Dew Your Bubbles Have Flash? Part 1

DOFPro Team

Dew Your Bubbles Have Flash?

Use Raoult’s law to perform vapor-liquid phase equilibria calculations.
Not limited to binaries
Multicomponent systems conforming to Raoult’s law
- Aliphatic hydrocarbon mixtures
- Aromatic hydrocarbon mixtures
Part 1 – The basics and BUBL P and DEW P
Part 2 – BUBL T and DEW T
Part 3 – FLASH and Pxy and Txy diagrams

\(y_i\) – Vapor phase mole fraction

\(x_i\) – Liquid phase mole fraction

Multicomponent Systems

If the vapor phase is an ideal-gas mixture and the liquid phase is an ideal solution then Raoult’s Law holds.
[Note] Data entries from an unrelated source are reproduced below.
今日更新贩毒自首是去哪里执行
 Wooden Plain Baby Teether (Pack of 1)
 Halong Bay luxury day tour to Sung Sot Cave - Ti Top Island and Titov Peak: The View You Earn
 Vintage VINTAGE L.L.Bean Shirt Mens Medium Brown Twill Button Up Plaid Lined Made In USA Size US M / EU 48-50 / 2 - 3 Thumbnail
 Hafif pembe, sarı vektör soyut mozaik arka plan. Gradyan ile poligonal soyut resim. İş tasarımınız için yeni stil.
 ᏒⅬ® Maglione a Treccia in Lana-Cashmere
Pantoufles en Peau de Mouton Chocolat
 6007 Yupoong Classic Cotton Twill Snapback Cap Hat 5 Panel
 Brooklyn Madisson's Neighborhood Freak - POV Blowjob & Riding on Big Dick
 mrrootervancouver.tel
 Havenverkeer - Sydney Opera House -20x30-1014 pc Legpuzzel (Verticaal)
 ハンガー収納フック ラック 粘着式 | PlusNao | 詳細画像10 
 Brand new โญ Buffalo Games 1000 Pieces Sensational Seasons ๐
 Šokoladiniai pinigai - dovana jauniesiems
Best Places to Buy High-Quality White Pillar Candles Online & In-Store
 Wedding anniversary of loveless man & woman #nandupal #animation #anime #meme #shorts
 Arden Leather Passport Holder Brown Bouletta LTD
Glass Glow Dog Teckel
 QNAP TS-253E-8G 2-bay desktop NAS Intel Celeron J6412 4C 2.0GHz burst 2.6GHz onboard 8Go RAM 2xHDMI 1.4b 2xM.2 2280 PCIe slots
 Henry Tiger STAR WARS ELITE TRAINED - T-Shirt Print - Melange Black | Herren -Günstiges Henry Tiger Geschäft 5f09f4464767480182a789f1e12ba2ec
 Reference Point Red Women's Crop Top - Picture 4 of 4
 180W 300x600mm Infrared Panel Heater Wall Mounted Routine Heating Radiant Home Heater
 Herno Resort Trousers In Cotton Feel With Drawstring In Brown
\[ p_\mathrm{A} \equiv y_\mathrm{A}P = x_\mathrm{A}p_\mathrm{A}^*(T) \]

or in terms of species \(i\),

\[ y_{i}P = x_{i}p_{i}^{*}(T) (i=1, 2, 3, .., N) \tag{1}\]

In words, the partial pressure of a component is equal to the liquid mole fraction of the component times its vapor pressure. (If the vapor phase is not an ideal-gas mixture or the liquid phase is not an ideal solution then we are led to the realms of activity coefficients, fugacities and Poynting factors, i.e., the advanced phase equilibria videos)

BUBL, DEW, FLASH

For multicomponent mixtures, five types of calculations are usually performed using Raoult’s law:

BUBL P – Given all \(x_{i}\)’s and \(T\), calculate \(P\) at which the first bubble forms, and \(y_{i}\)’s of the bubble.
BUBL T – Given all \(x_{i}\)’s and \(P\), calculate \(T\) at which the first bubble forms, and \(y_{i}\)’s of the bubble.
DEW P – Given all \(y_{i}\)’s and \(T\), calculate \(P\) at which the first droplet condenses, and \(x_{i}\)’s of the droplet.
DEW T – Given all \(y_{i}\)’s and \(P\), calculate \(T\) at which the first droplet condenses, and \(x_{i}\)’s of the droplet.
FLASH – Given overall composition (\(z_{i}\)’s) and \(T\) and \(P\), calculate \(x_{i}\)’s and \(y_{i}\)’s, and relative amounts of vapor, \(\mathcal{V}\), and liquid, \(\mathcal{L}\).

Graphical BUBL P, DEW P

Overall
Composition

Subcooled
Liquid

Superheated
Vapor

\(2\text{–}\phi\)

Bubble
Pressure

Bubble
Composition

Dew
Pressure

Dew
Composition

Low Boiling
Azeotrope

BUBL P

Given all \(x_{i}\)’s and \(T\), calculate \(P\) and \(y_{i}\)’s.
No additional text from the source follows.